Drame de Sabala : grève générale à Sidi Bouzid
Sans préavis, une grève générale est observée depuis aujourd’hui lundi 29 avril à Sidi Bouzid, ville symbole de la révolution tunisienne, et ce à l’appel de l’Union régionale du travail (URT) après le dramatique accident de la route de la Sabala qui a coûté la vie à 12 personnes dont des ouvrières agricoles et grièvement blessé 20 autres.
L’ensemble de la région au centre du pays connaît une paralysie dans les établissements publics, à l’exception des services urgents. Mohamed Lazhar Gamoudi, secrétaire général de l’URT, a indiqué que la grève est dédiée à la mémoire des victimes de l’accident de Sabala, ainsi qu’à la situation de la localité de Blahdia qui souffre de marginalisation et de mauvaises conditions de vie, « là où les ouvrières sont obligées d’aller travailler dans les exploitations agricoles dans des conditions précaires ».
Douze personnes, dont sept femmes transportées à l'arrière d'une camionnette, une pratique courante, vers les champs de tomates où elles devaient travailler, ont été tuées samedi dans un accident de la route, ont indiqué la protection civile et le ministère de la Santé selon un bilan provisoire.
Colère et indignation nationale
L’URT a appelé le gouvernement à œuvrer à la création d’emplois dans la région, notamment dans les zones irriguées, et à lutter contre le transport anarchique et non sécurisé des ouvrières. Le syndicat a également appelé les autorités régionales à décréter ce lundi jour de deuil à la mémoire des victimes de l’accident meurtrier de Sabala.
Une marche de solidarité, à la mémoire des victimes, a en outre été organisée ce lundi matin par des habitants de Sidi Bouzid et des représentants de partis, d’associations et d’organisations. La marche a pris le départ devant l’union régionale de travail et parcouru l’avenue principale de la ville.

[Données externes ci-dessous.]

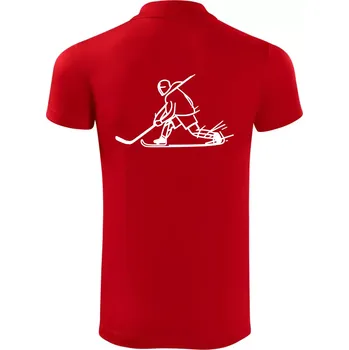 Pánská košile Kreslený hokejista tučnou fixou - Polokošile Victory sportovní (dresovina) - 3XL ( Červená )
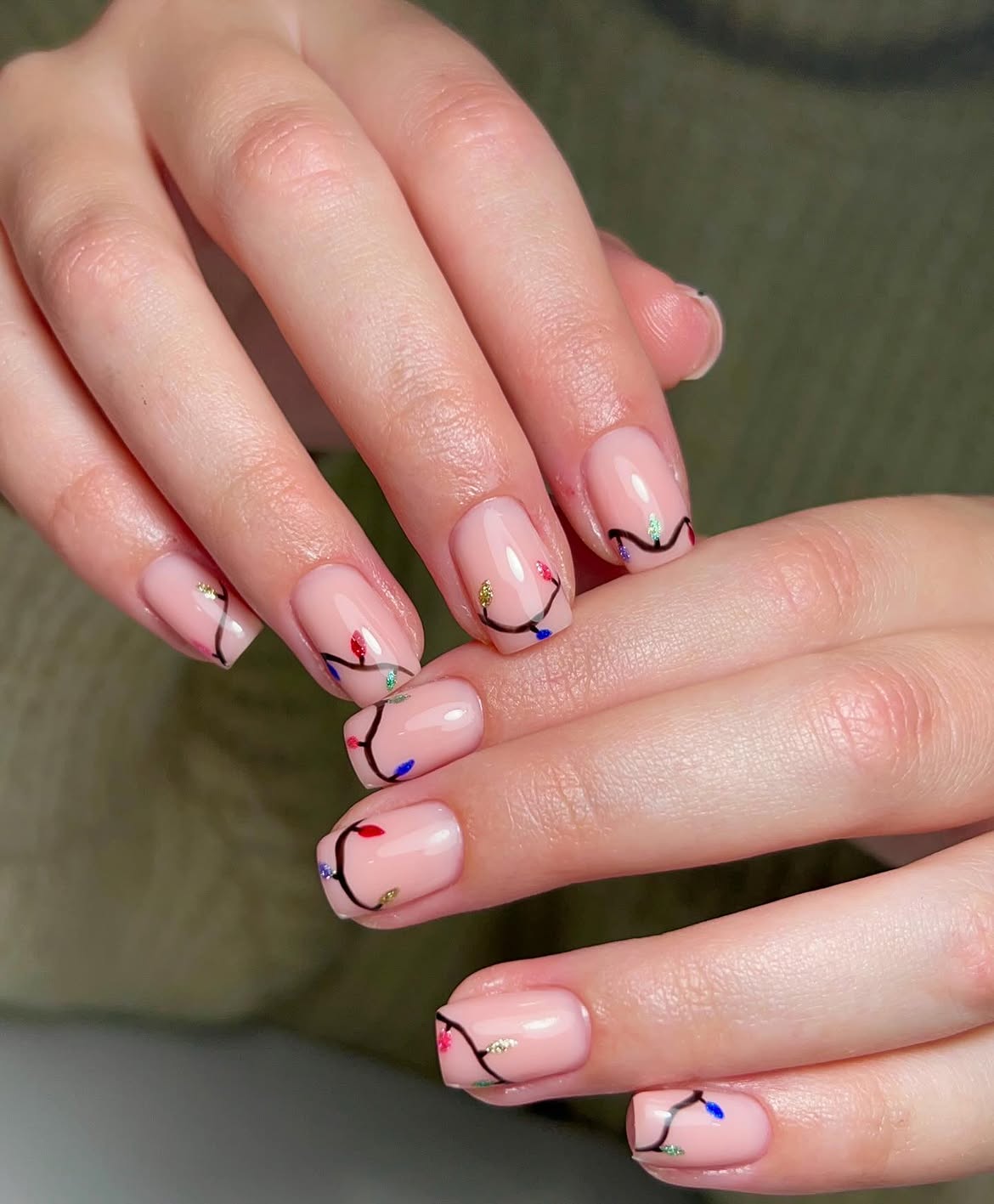 Subtle Christmas Light French Tip Nails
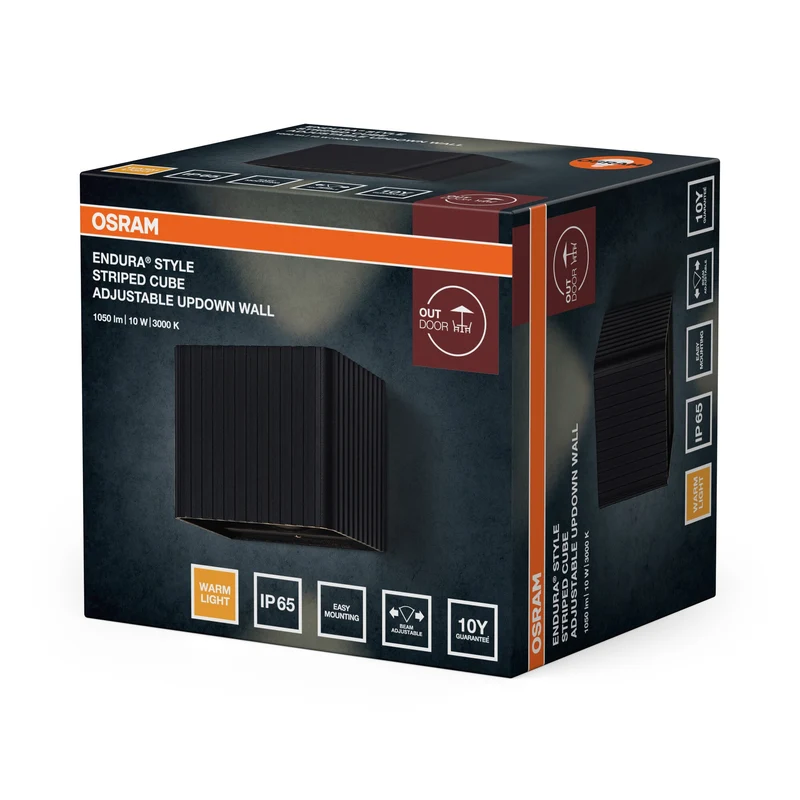OSRAM ENDURA® Style Applique murale extérieure Striped Cube réglable Up-Down 10W IP65 Gris foncé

Au niveau du siège du gouvernorat, les participants ont scandé des slogans hostiles au pouvoir et appelé le gouvernement Chahed à démissionner et revendiquant le droit constitutionnel au développement et à l’emploi.
Rassemblés Place Mohamed Bouazizi, des activistes de la société civile ont exprimé leur colère contre la politique de négligence menée par le gouvernement à l’égard des régions de l’intérieur.
De nombreux Tunisiens ont protesté sur les réseaux sociaux contre les conditions dans lesquelles les ouvrières journalières de l'agriculture sont souvent transportées, entassées à l'arrière de camionnettes, « comme du bétail ». De nombreuses besognes manuelles aux champs sont en effet effectués par des femmes en Tunisie, notamment en raison du salaire inférieur qu'elles acceptent.
Critiquée pour la teneur de ses déclarations à chaud, la ministre de la Femme, de la famille, de l’enfance et des séniors, Naziha Laabidi a précisé dimanche que le cahier des charges organisant le transport des ouvriers et ouvrières agricoles est prêt depuis fin 2016 mais n’a pas été exécuté en raison du non amendement de la loi n° 33 de 2004 relative au transport terrestre. Laabidi ne nie pas la responsabilité du gouvernement dans cet accident, mais souligne que « la responsabilité incombe à tout le monde, à commencer par le conducteur ».
Des composantes de la société civile et des organisations nationales ont accusé le gouvernement de « se dérober à ses responsabilités et d’ignorer les besoins pressants des catégories vulnérables et à faible revenu », au moment où des sources gouvernementales annoncent un programme de régularisation destiné aux bénévoles parmi les particuliers souhaitant aider au transport des ouvrières via leur propre véhicule.